9 October – 18 December 2022

Fot. P. Skiba (1–4), M. Lorek (5–7)

Curator of the exhibition: Iwona D. Bigos


A mobile, monumental installation is placed in the very centre of the Four Domes Pavilion, emanating upwards a dimmed beam of light, reflected onto the characteristic industrial construction of the ceiling.

On closer inspection it is possible to identify typical, however turned upside down, street lights assembled from genuine light fittings produced in times of the Polish People’s Republic (PRL). They were widely used around the whole country, and became an inseparable part of the Polish landscape, both rural and urban – Wrocław included. An overturned street light is meant to recall city riots during the time of social unrest, or blackout in parts of the city, used in the previous political regime to remedy economic and/or political crisis, and which finally found its scary climax during the martial law introduced in 1981.

Fot. Antoni Skiba

Piotr Skiba is a graduate of the Academy of Fine Arts at the Faculty of Painting and Sculpture in Wrocław. He is a lecturer at the Academy of Art in Szczecin. He creates objects and installations. His works were presendet at solo exhibitions in galleries and institutions: White Box Art Center New York (US), Wrocław Contemporary Museum (PL), Giorgio Galotti Gallery Turin (IT), Berthold Pott Gallery Cologne (GR), Center for Contemporary Art Ujazdowski Castle Warsaw (PL), Dash Gallery, Kortrijk (BL), BWA Awangarda Wrocław (PL), Spazio ORR Brescia (IT), Leto Gallery Warsaw (PL) Piktogram Warsaw (PL).

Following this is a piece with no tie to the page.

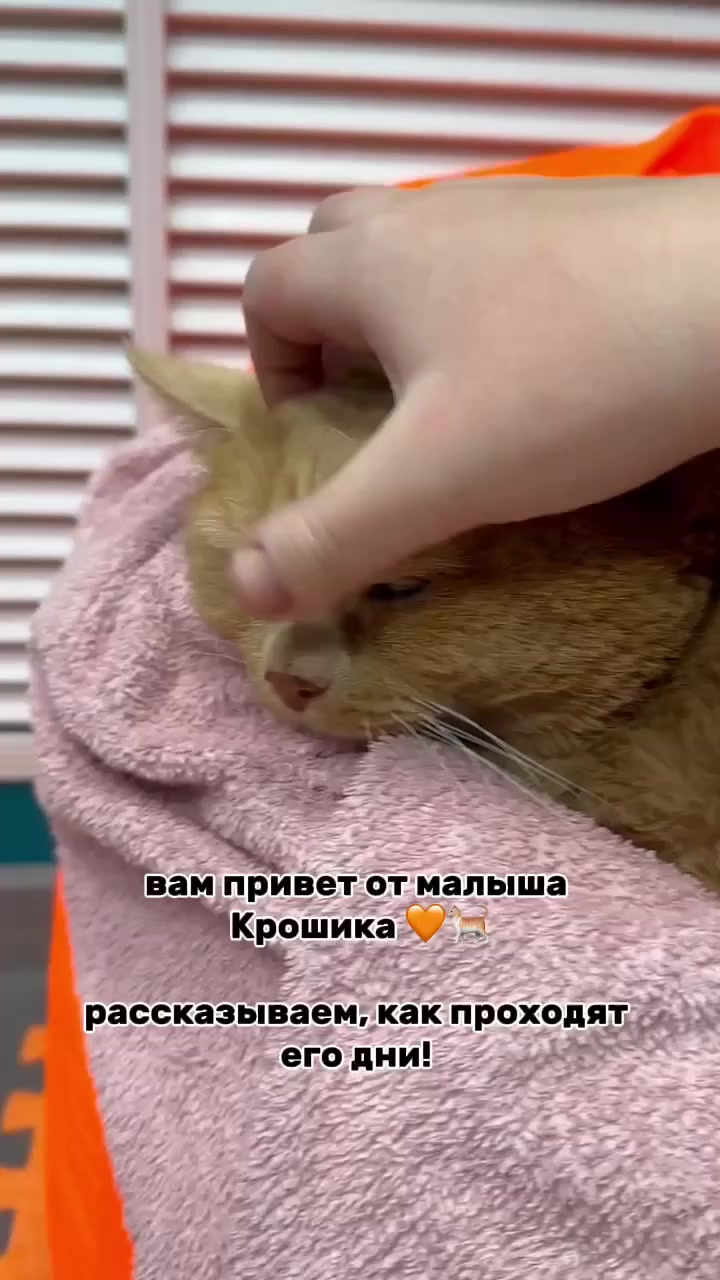 Кот крошик пытался сбежать. Кот крошик пытался сбежать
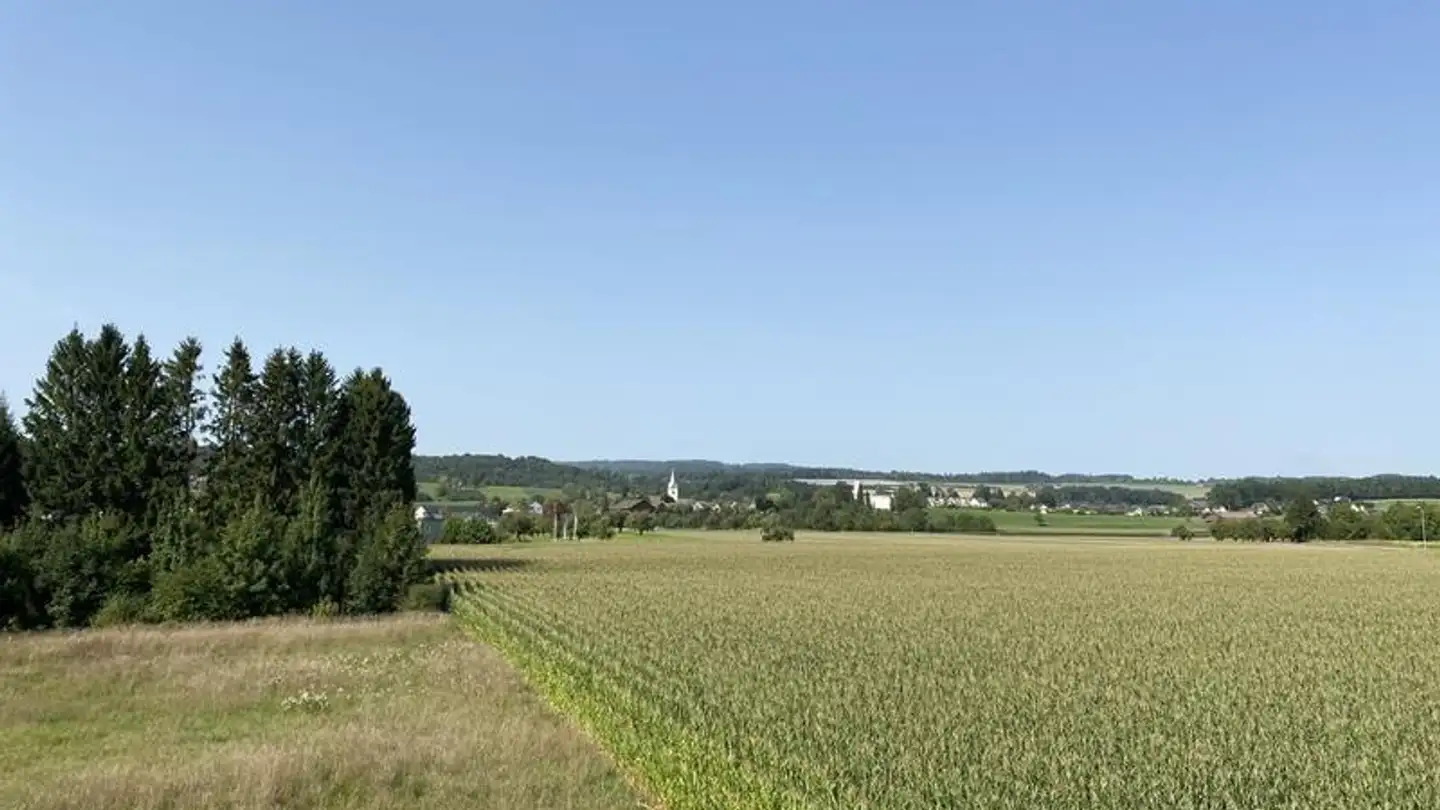 Casa singola in vendita - Haslistrasse, 8555 Müllheim Dorf - Foto 2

Piotr Skiba in his work clearly underlines the physical presence of things and people, putting everything on the same level. In his works stands out a value connected to the square of the “Kosmonautów” residential complex in Wrocław, commonly reffered to as the “COSMOS”, where he lived and worked for years.
His attention is focused on the potential of “lowest rank” disposables. Skiba uses mass-produced objects, parts and materials related to basic, universal human needs. Things such as steel filters, abandoned clothes, broken light bulbs, lighters are often combined in bronze and aluminum castings with organic forms, e.g. with insects, cuticles. The artist lives with them in his apartment, changing, dismantling or assembling into prototype elements, creating sculptural hybrids of neighborhood monuments.
Piotr Skiba’s objects seem to evoke a world where things have taken control, where the human body has only left traces. Similar to Nick Flynn’s poem Statuary (Sculptural) – he works like a bee struggling with the body of a snail or mouse poisoned in a hive. Acting methodically, he struggles with “the object – the body”, to finally expel it or dismantle it in order to, as Flynn described it poetically, “hermetically close it in a propolis and wax tomb above the city’s ordinary monuments.” Skiba’s archaeological excavations describe a man who tries to oppose nature and fails, leaving a feeling of emptiness and melancholy.